* [PROBLEM TO WORK ON] I need the lines below from the one with "Fototapeta premium Young" down to the one with "A modern interior" reproduced exactly, both ends included, and nothing else.

* [MATERIALS PROVIDED]
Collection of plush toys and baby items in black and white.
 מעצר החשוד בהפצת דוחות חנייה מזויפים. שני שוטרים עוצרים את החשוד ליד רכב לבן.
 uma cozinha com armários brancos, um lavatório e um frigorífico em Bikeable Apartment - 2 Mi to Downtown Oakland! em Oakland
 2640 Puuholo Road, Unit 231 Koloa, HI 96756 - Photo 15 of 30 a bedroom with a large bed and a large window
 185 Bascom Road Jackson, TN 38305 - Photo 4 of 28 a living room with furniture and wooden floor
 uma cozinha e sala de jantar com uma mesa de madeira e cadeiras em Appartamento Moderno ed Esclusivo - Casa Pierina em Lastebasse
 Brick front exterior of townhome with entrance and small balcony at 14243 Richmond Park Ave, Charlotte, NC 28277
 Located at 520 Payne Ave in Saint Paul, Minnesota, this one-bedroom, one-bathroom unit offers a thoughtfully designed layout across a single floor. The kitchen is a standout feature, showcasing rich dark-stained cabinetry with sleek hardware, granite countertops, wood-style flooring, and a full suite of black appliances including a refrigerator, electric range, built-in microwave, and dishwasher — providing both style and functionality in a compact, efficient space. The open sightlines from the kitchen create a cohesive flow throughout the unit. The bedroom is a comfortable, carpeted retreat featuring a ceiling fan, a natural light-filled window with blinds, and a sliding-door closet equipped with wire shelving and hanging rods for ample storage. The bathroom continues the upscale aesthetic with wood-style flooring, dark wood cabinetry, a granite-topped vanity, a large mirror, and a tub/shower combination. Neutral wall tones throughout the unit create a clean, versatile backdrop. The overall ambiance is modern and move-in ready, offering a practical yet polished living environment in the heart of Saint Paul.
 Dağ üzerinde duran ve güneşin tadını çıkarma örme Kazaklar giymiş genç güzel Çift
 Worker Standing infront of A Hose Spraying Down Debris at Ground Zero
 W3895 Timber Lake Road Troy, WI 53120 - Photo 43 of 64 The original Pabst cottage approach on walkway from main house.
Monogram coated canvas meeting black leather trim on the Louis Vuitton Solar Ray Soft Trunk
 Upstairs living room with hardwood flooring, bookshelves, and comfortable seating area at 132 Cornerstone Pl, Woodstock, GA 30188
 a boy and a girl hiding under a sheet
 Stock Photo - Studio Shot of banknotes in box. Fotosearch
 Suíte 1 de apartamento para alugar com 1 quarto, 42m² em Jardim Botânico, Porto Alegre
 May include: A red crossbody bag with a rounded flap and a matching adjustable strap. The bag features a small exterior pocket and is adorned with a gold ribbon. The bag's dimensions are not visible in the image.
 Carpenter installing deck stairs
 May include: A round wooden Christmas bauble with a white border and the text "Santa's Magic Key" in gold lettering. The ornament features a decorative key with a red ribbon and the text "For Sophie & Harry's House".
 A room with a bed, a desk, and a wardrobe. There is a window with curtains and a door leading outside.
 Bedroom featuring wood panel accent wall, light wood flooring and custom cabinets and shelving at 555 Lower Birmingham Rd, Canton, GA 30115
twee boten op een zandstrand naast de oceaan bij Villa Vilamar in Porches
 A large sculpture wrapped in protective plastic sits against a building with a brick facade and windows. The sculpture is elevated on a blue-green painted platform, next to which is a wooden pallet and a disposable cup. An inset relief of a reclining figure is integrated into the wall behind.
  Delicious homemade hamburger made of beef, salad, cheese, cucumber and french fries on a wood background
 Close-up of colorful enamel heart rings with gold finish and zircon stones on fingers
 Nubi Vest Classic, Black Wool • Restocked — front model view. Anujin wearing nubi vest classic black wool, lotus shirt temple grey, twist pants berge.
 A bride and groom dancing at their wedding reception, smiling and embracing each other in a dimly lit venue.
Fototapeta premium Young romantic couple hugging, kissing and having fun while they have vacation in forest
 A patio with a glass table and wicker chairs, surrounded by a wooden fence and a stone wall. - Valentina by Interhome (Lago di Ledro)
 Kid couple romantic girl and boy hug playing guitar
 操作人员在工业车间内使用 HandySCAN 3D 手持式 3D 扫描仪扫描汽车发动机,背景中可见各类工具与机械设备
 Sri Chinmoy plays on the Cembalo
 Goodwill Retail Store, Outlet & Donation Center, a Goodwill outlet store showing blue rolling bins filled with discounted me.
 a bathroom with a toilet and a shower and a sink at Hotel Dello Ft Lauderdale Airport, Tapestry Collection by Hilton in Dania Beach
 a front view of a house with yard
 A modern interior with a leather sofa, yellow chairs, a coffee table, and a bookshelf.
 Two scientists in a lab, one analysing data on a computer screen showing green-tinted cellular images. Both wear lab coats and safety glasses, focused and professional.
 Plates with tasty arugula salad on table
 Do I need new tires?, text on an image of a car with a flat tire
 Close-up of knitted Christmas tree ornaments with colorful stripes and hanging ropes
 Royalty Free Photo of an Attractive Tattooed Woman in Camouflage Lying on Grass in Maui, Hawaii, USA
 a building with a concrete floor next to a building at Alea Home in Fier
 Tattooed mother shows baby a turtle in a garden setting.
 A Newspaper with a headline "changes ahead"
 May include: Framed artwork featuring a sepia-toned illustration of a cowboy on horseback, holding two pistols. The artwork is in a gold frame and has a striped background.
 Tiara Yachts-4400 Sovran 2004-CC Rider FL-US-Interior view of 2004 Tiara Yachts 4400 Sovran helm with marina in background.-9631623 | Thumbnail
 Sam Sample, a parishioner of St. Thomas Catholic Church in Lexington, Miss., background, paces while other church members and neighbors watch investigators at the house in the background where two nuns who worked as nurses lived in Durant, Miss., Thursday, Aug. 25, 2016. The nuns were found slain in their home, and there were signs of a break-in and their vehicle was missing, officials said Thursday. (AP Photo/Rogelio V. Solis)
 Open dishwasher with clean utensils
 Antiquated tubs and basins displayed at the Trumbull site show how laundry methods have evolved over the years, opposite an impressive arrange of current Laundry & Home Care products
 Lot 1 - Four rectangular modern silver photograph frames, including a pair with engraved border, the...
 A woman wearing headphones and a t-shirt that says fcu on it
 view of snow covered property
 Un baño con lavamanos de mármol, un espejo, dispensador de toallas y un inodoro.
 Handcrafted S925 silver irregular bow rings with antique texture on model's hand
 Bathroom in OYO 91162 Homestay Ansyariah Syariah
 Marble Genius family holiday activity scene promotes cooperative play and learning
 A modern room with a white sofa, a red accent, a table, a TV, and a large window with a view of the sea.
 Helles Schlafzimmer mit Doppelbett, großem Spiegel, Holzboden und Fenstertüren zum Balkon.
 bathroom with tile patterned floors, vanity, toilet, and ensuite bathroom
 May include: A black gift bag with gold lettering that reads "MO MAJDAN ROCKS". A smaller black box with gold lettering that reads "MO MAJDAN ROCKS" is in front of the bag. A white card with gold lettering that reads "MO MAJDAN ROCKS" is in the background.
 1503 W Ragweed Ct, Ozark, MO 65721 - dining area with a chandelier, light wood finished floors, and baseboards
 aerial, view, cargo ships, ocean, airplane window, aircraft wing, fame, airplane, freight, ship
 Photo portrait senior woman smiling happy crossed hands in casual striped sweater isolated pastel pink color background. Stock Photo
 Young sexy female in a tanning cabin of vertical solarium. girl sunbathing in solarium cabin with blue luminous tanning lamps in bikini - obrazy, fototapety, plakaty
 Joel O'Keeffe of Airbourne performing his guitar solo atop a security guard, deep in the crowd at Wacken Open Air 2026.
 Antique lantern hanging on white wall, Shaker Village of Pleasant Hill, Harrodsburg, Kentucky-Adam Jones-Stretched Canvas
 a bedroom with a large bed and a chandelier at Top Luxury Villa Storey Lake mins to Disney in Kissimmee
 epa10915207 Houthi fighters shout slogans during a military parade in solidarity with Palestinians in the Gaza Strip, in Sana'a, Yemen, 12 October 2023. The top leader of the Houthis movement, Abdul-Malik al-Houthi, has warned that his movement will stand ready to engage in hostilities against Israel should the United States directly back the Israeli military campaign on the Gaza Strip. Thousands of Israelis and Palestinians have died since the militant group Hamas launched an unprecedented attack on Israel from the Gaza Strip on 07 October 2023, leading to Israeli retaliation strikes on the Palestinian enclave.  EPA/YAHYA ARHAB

* [SOLVED PROBLEM]
Fototapeta premium Young romantic couple hugging, kissing and having fun while they have vacation in forest
 A patio with a glass table and wicker chairs, surrounded by a wooden fence and a stone wall. - Valentina by Interhome (Lago di Ledro)
 Kid couple romantic girl and boy hug playing guitar
 操作人员在工业车间内使用 HandySCAN 3D 手持式 3D 扫描仪扫描汽车发动机,背景中可见各类工具与机械设备
 Sri Chinmoy plays on the Cembalo
 Goodwill Retail Store, Outlet & Donation Center, a Goodwill outlet store showing blue rolling bins filled with discounted me.
 a bathroom with a toilet and a shower and a sink at Hotel Dello Ft Lauderdale Airport, Tapestry Collection by Hilton in Dania Beach
 a front view of a house with yard
 A modern interior with a leather sofa, yellow chairs, a coffee table, and a bookshelf.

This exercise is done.